Over the next 200 years, Shelburne grew to become a major shipbuilding town, the waterfront lined with shipyards, wharves, stores and stately homes. From schooners to trawlers to dories, Shelburne shipwrights were among the most accomplished anywhere, with Master Dory Builder Sidney Mahaney building 10,000 unique Shelburne dories himself.


As the shipbuilding industry declined, the groundfish and lobster industries grew and prospered, altering the waterfront yet again.

Then in the late 20th century, Hollywood came to Town.  It started with the filming of Mary Silliman’s War in 1993, starring Nancy Palk and Richard Donat.  The 1994 production of The Scarlet Letter starring Demi Moore, Robert Duvall and Gary Oldman, significantly altered the look of Shelburne’s waterfront permanently when electrical cables were buried and buildings were either refurbished or rebuilt in the Puritan style.  A steeple, still in place today, was added to the Cox Warehouse, the Barrel Factory was entirely rebuilt, and the Guild Hall with its giant wooden columns was constructed at the site of the Town’s old bowling green.


Two contemporary movies were subsequently filmed in Shelburne – Virginia’s Run in 2001 starring Gabriel Byrne and Joanne Whalley, and Wilby Wonderful in 2003 starring Paul Gross and Sandra Oh.

The Guild Hall has since undergone renovation and is now home to the weekly Shelburne Farmers’ Market and site of a series of evening concerts during the summer months.

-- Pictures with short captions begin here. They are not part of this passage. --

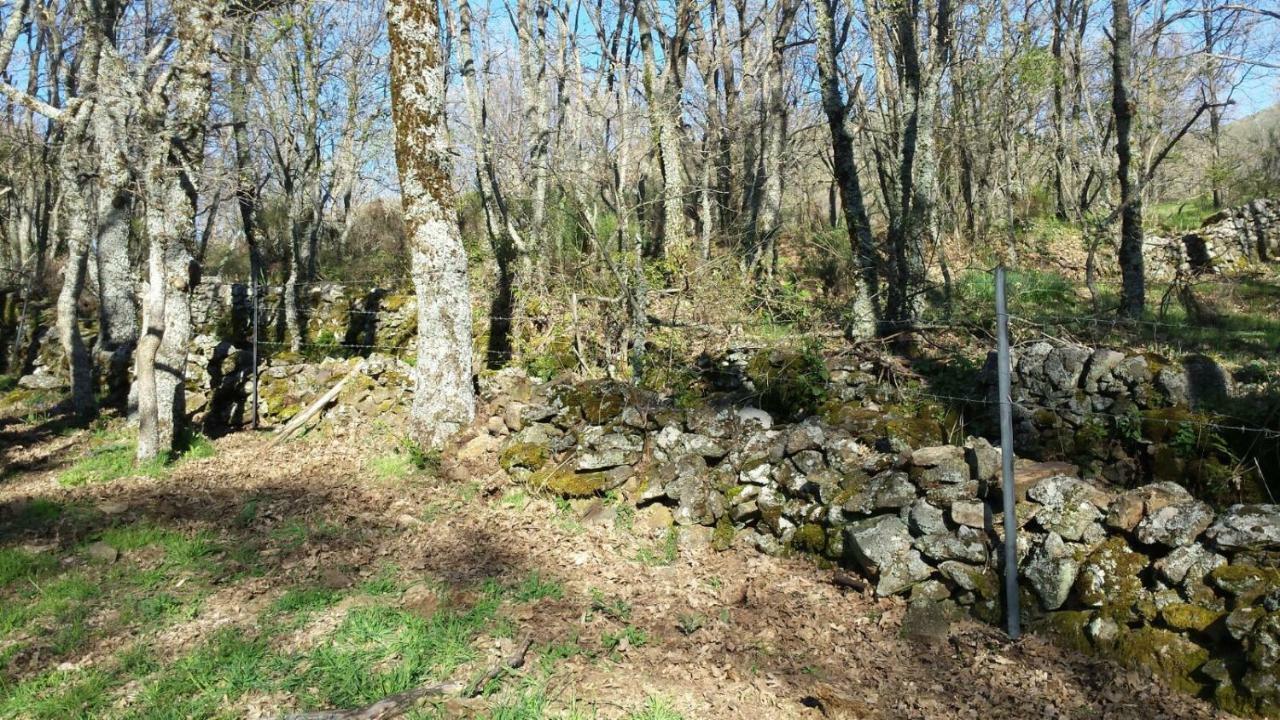 Apartamento Orgaz Candelario Dış mekan fotoğraf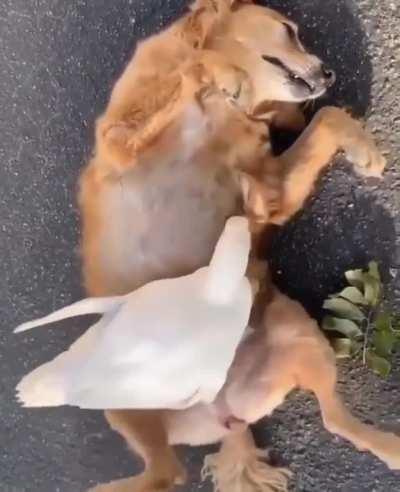 Belly rubs are the best.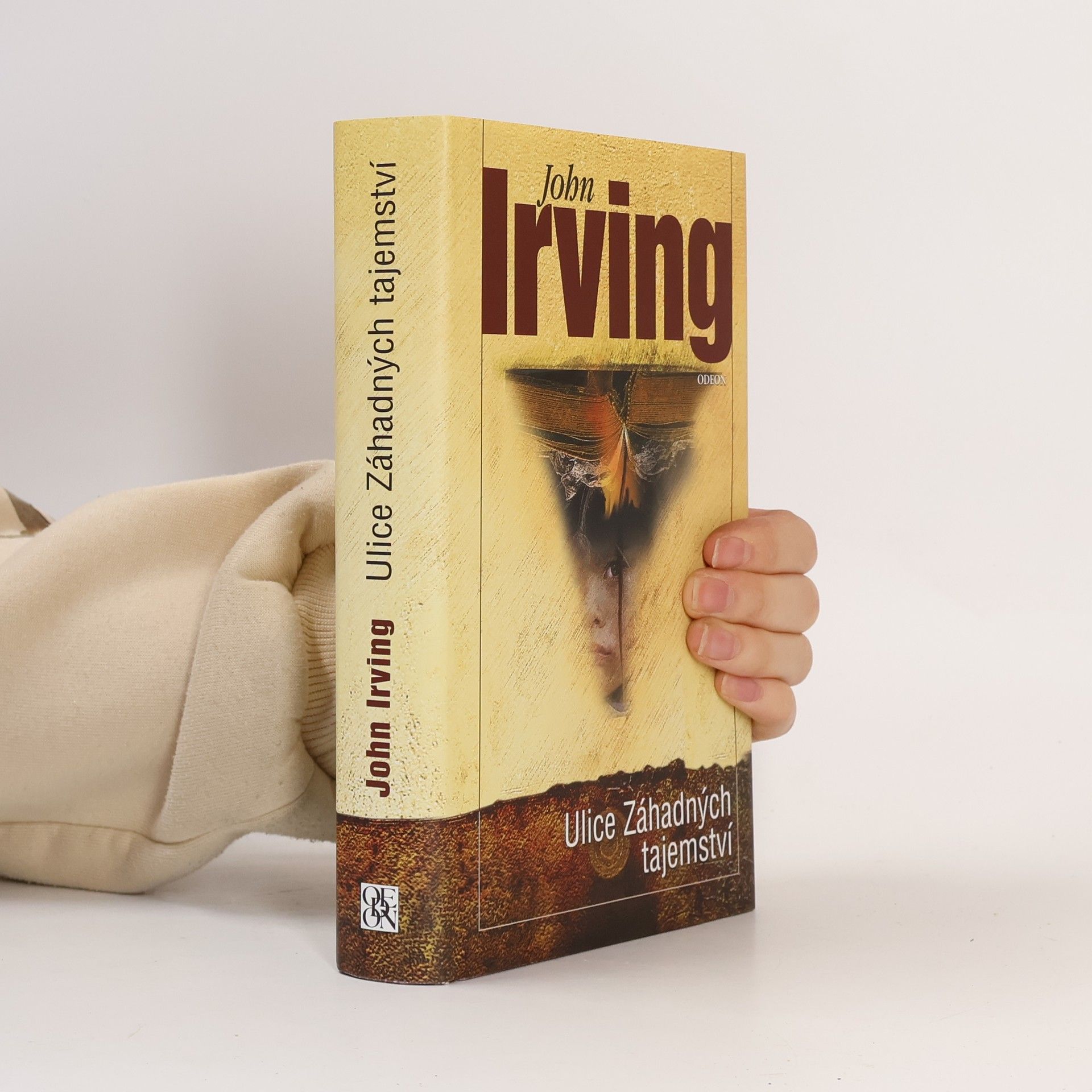 John Irving Ulice Záhadných tajemství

Today, views of the waterfront continue to be unobstructed by electrical wires and poles, making Shelburne a unique destination and a continued attraction to the film industry for period productions like Moby Dick in 2009 starring Donald Sutherland, Gillian Anderson, William Hurt and Ethan Hawke, and the filming of The Book of Negroes in 2014 starring Aunjanue Ellis, Lyriq Bent, Louis Gossett Jr. and Cuba Gooding Jr.